KayleeGames2025-07-037370

When Ubisoft announced that Hyper Scape, its ambitious battle royale game, would be shutting down on April 28, news articles were blunt. “Forgotten,” “failure,” and “massive flop” were common descriptors, and the general conclusion was that the game hadn’t done enough to differentiate itself from established competitors in a crowded genre.

Hyper Scape is just the latest live service game to meet an ignominious end. Battleborn, LawBreakers, Crucible, and PlanetSide Arena are a few notable titles to go under in the last few years, the latter surviving a mere four months. And once the servers for these games go down, they’re gone forever.

Maybe this is the natural result of an overcrowded marketplace intent on chasing trends. But how do developers feel about working for years on games that fail and vanish for reasons beyond their control? And how do they feel about continuing to work in a medium where, as more games turn to the live service model, their creative efforts become increasingly precarious?

Working on a Flop

Taylor (a pseudonym), who worked on Hyper Scape, said via email they “try not to get too attached to anything in game development, as its nature is fleeting and things often get cut or reworked. That being said, this was the first game I was on where a lot of my work remained intact, and it does suck that none of it will survive.”

Games fail for all sorts of reasons, many of them beyond the control of developers. But a failed single-player game still exists to potentially be stumbled across by new fans. A dead online game is just gone, millions of dollars and thousands of hours of work up in smoke.
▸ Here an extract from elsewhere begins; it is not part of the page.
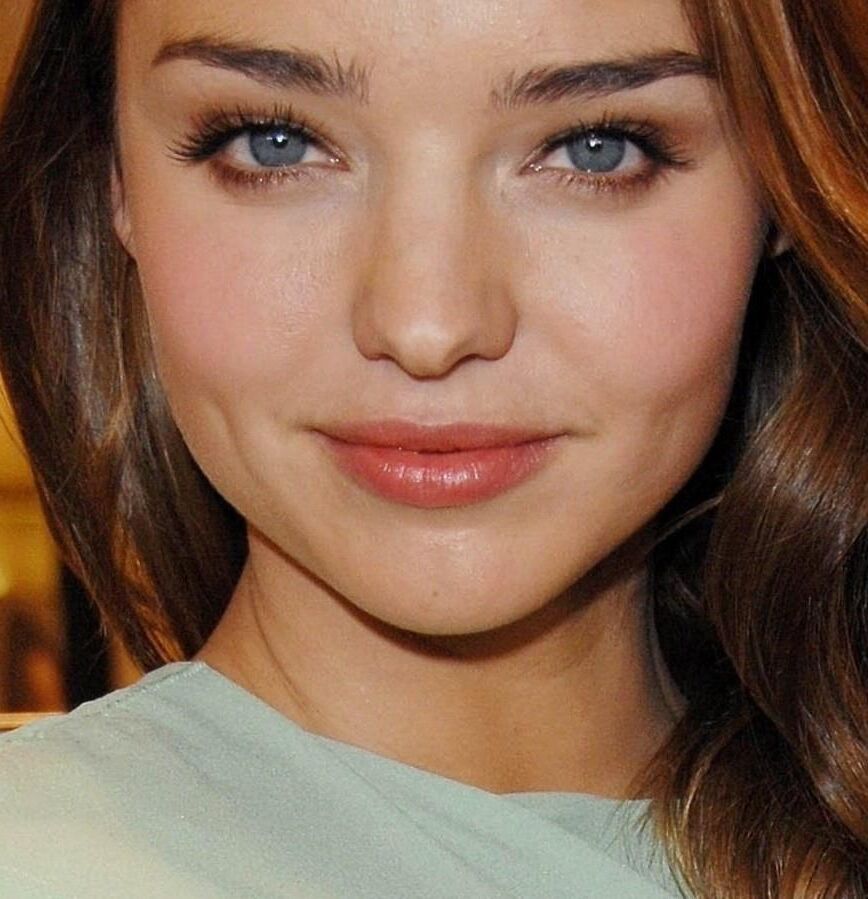 Miranda Kerr Sousing Fotics solo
Game writer Mikko Rautalahti, whose credits include Alan Wake, Quantum Break, and numerous dead or canceled titles, said during a phone conversation that the death of an online game is unique. “If you write a book, you can count on that being around, people can experience it later,” Rautalahti said. “Once those servers go down, what’s left is just a bunch of random YouTube videos where you can catch glimpses of the work we did. It feels like a shame to just let it slip past our fingers.”

That doesn’t mean these games aren’t worth making. Game designer Chris Morris, who worked on Lawbreakers, tells WIRED, “I don’t consider that work to have been wasted, it was a valuable experience and a fun project. It would have been great if things had gone differently and the game found an audience. I do wish it was still available to play today in some form.”